Typescript instantiate typeof abstract class

Question

This is my code:

abstract class BaseClass {}
class DerivedClassA extends BaseClass {}
class DerivedClassB extends BaseClass {}
const derivedClasses: (typeof BaseClass)[] = [DerivedClassA, DerivedClassB];
for (const c of derivedClasses) {
   const instantiatedObj = new c; // error: Cannot create an instance of an abstract class
}

I have an array of derived classes which I want to iterate and initiate each. (typeof BaseClass)[] is not a suitable type. Removing it solves it. What's the correct type?

Answer 1

You can use a construct signature of the form new (arg0: XXX, arg1: YYY) => ZZZ or { new (arg0: XXX, arg1: YYY): ZZZ } to represent an object that acts as a class constructor on which you can use the new operator. In the examples above, you'd pass it two arguments of type XXX and YYY and get a class instance of type ZZZ.

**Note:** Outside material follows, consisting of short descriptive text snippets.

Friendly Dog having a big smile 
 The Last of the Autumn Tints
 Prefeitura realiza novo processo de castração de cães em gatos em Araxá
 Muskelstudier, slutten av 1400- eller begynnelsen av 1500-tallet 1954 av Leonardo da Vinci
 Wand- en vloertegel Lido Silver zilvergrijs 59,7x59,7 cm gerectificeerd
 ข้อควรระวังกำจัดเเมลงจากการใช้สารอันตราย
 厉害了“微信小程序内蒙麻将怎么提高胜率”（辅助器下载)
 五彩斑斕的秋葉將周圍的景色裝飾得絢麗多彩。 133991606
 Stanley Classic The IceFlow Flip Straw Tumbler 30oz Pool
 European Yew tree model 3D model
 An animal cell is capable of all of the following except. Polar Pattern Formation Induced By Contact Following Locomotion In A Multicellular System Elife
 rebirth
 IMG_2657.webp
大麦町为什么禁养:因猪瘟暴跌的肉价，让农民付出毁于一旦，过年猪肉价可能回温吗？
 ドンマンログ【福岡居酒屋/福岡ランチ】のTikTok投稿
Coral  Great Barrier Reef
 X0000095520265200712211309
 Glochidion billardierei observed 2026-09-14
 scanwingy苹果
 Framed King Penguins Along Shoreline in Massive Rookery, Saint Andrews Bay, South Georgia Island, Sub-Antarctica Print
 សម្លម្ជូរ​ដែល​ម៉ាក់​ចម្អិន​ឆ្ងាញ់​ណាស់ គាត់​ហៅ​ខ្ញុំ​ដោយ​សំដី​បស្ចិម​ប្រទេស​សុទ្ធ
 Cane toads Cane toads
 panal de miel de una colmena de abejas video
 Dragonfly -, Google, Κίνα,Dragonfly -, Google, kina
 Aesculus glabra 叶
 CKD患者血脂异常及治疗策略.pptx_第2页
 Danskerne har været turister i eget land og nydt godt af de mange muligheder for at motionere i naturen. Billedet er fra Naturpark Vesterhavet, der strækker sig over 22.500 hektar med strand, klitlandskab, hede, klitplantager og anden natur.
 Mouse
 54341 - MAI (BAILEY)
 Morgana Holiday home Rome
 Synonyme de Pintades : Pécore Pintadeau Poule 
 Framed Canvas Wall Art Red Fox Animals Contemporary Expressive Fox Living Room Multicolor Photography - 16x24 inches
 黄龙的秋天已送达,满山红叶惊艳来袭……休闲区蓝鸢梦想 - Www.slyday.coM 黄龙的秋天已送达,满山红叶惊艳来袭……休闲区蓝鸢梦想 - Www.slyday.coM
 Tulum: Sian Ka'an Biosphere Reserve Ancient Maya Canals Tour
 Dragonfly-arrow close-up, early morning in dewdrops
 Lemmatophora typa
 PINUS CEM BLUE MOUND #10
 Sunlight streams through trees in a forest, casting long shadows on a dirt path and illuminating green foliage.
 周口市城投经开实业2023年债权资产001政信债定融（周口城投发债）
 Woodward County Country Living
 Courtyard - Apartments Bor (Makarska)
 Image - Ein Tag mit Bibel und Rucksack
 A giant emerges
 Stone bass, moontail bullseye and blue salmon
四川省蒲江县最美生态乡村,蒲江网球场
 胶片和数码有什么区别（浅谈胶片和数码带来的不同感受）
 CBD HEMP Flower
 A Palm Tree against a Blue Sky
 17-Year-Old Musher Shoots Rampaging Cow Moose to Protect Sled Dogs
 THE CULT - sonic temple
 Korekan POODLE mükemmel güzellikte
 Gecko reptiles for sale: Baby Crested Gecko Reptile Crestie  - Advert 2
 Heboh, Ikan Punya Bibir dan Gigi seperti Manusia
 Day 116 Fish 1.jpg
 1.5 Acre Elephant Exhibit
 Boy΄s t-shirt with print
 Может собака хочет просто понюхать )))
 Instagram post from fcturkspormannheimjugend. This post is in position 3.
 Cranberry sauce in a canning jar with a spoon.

Since you want to call new c() with no arguments and expect the constructed instances to be assignable to BaseClass, the type you need is new () => BaseClass:

const derivedClasses: (new () => BaseClass)[] = 
  [DerivedClassA, DerivedClassB]; // okay

for (const c of derivedClasses) {
  const instantiatedObj = new c(); // okay
}

The compiler is happy to allow you to assign DerivedClassA and DerivedClassB to elements of derivedClasses because each of them can be used as a constructor that takes no arguments and produces an instance of a subtype of Baseclass. And the compiler is happy to allow you to call new c() because the construct signature takes no arguments.

Playground link to code

Answer 2

You can do this:

abstract class BaseClass {}
class DerivedClass extends BaseClass {}
const b: BaseClass = new DerivedClass();

DerivedClass can be treated as a BaseClass given that DerivedClass as the same methods/attributes as BaseClass. And if you want to return to Derived class, you can do this:

if (b instanceof DerivedClass) {
    // use DerivedClass methods here
    b.customDerivedClassMethod()
}